Die Text-Leser-Beziehung und die "dangers of accessory ideas"

Writing, when properly managed, (as you may be sure I think mine is) is but a different name for conversation: As no one, who knows what he is about in good company, would venture to talk all; —— so no author, who understands the just boundaries of decorum and good breeding, would presume to think all: The truest respect which you can pay to the reader's understanding, is to halve this matter amicably, and leave him something to imagine, in his turn, as well as yourself.

For my own part, I am eternally paying him compliments of this kind, and do all that lies in my power to keep his imagination as busy as my own. (Sterne, Tristram Shandy, 2.11.127)

Tristram Shandy versteht das Schreiben programmatisch als den Aufbau von Verweisungszusammenhängen, in denen immer eine Zuleistung der Leser gefordert ist. Der Text initiiert Bedeutungskonstitutionsprozesse, die zu ihrer Vervollständigung auf das Wissen und die Einbildungskraft der Leser angewiesen sind.

Zugleich wird schon früh klar gemacht, daß die einträchtige Aufgabenteilung zwischen Erzähler und Leser bei der Entstehung der Textbedeutung nicht die einzige mögliche Variante ist. Denn der Text legt es ebenso programmatisch darauf an, die Lesererwartungen in die Irre zu leiten:

[...] I set no small store by myself upon this very account, that my reader has never yet been able to guess at any thing. And in this, Sir, I am of so nice and singular a humour, that if I thought you was able to form the least judgment or probable conjecture to yourself, of what was to come in the next page, — I would tear it out of my book. (Sterne, Tristram Shandy, 1.25.101)

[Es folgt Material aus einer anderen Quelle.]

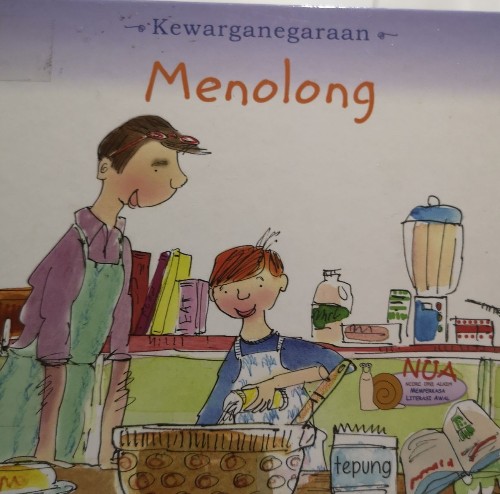 Kewarganegaraan - Menolong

Es handelt sich also um einen Text, der Dinge im Dunkeln läßt, teils damit sie erraten werden, teils damit sie gerade nicht erraten werden können. Für beides wurden in der Tat schon früh Beispiele geliefert. Einerseits wird die Leserin wegen ihrer angeblichen Unachtsamkeit dazu verdonnert, ein Kapitel nochmals zu lesen11; der Hinweis auf die Religionszugehörigkeit von Tristrams Mutter, den sie überlesen hat, bahnt dann den Pfad für das Einschieben der kuriosen Stellungnahme der Sorbonne-Theologen zur Frage der Taufe im Mutterleib. Andererseits wurde kurz zuvor schon die Leserin davor gewarnt, auf unzureichender Faktenbasis einen falschen Schluß über das Verhältnis des Erzählers zu der mehrfach von ihm erwähnten Jenny zu ziehen:

I own the tender appellation of my dear, dear Jenny, — with some other strokes of conjugal knowledge, interspersed here and there, might, naturally enough, have misled the most candid judge in the world into such a determination against me. [...] All I contend for, is the utter impossibility, for some volumes, that you, or the most penetrating spirit upon earth, should know how this matter really stands. (Sterne, Tristram Shandy, 1.18.76)

Entscheidend für das Verhältnis von Text und Leser ist also, daß die Leser vor einer beständigen Interpretationsaufgabe stehen, die ohne Garantie für die Richtigkeit des Resultats dieses Interpretationsvorgangs zu erfüllen ist. Erst wenn der Roman tatsächlich zu Ende ist, kann man sicher sein, daß ein bislang gewonnener Eindruck sich nicht etwa im Licht einer neuen unvorhergesehenen Wendung als falsch herausstellt.

In dieser Hinsicht gleicht das Verhältnis der Leser zum Text ihrem Verhältnis zur Welt und zu sich selbst.

[...] mark, Madam, we live amongst riddles and mysteries — the most obvious things, which come in our way, have dark sides, which the quickest sight cannot penetrate into; and even the clearest and most exalted understandings amongst us find ourselves puzzled and at a loss in almost every cranny of nature's works [...] (Sterne, Tristram Shandy, 4.17.292)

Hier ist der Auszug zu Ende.